旅僧が都から東国へと赴き、三河国(愛知県)にやって来ます。そこは杜若の花が今を盛りと咲き誇っているので、僧が花に見とれていると、一人の里の女がやって来ます。そして、ここは八橋という古歌にも詠まれた杜若の名所だと教え、在原業平が「かきつばた」の五文字を各句の頭において、「唐衣 着つつ馴れにし 妻しあれば はるばる来ぬる 旅をしぞ思ふ」と詠んだ事を語り、杜若は業平の形見の花だと偲びます。その上、僧を自分の庵に案内します。やがて、初冠と唐衣を着て現れるので、僧が驚いて尋ねると自分は杜若の精であると明かします。そして、伊勢物語に描かれた業平の数々の物語や、業平が歌舞菩薩の生まれ変わりである事などを語り、舞をまい、草木も成仏できることを喜びつつ消えて行きます。

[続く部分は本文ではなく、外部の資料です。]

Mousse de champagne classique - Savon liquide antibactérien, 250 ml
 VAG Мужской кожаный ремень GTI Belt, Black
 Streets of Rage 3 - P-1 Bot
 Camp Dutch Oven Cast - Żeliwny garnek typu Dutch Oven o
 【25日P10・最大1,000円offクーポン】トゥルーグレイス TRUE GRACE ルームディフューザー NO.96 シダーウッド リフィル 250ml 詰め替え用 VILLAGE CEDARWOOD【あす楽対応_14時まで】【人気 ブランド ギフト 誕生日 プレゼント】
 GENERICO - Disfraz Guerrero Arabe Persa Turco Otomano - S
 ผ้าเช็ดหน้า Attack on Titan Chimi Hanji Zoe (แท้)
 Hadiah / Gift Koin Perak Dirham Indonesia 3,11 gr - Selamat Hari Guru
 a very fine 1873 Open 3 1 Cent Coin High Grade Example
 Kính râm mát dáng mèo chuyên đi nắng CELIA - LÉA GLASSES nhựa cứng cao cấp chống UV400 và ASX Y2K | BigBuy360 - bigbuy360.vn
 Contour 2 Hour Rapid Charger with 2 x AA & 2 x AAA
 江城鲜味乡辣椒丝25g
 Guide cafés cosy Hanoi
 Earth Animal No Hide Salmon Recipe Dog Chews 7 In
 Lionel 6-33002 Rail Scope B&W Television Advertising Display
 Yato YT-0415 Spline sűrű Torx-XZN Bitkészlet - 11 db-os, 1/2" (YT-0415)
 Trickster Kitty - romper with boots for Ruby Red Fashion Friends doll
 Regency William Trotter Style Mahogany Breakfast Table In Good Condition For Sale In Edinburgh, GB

【詞章】 (舞囃子の部分の抜粋です。仕舞〔キリ〕の部分は下線部です。)

くらきに行かぬ有明の。光あまねき月やあらぬ。はるや昔の春ならぬ.わが身ひとつは。もとの身にして。本覚真如の身をわけ。陰陽の神といわれしも。ただ業平の事ぞかし。かように申す物語うたがわせたまうな旅びと。はるばる来ぬるから衣。きつつや舞を.かなずらん。花前に蝶まう。ふんぷんたるゆき。柳上に鶯とぶ。へんぺんたるきん。

<序ノ舞>

植えおきし。昔の宿の。かきつばた。色ばかりこそ昔なりけれ。色ばかりこそ昔なりけれ。色ばかりこそ。昔男の名をとめし。花橘の。匂いうつる。あやめの鬘の。色はいづれぞ。似たりや似たり。かきつばた花あやめ。梢に鳴くは。蝉の唐衣の。袖白妙の卯の花の雪の。夜もしらしらと。明くるしののめの。あさ紫の。杜若の。花も悟りの。心ひらけて。すわや今こそ草木国土。すはや今こそ。草木国土。悉皆成仏のみ法を得てこそ。帰りけれ。